> [Data for this exercise]
----------

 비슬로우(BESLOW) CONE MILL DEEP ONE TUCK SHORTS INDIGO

----------

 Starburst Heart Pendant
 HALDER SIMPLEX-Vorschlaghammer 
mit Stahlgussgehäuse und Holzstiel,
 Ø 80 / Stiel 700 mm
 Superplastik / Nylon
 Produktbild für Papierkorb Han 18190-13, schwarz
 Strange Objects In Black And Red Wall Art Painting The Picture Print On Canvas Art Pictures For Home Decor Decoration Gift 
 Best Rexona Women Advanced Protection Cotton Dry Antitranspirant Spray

----------

> [Aim of the task] Take the listing above and repeat exactly the lines from the one containing "Strange Objects In" through the one containing "Best Rexona Women", both included.

> [Result]
 Strange Objects In Black And Red Wall Art Painting The Picture Print On Canvas Art Pictures For Home Decor Decoration Gift 
 Best Rexona Women Advanced Protection Cotton Dry Antitranspirant Spray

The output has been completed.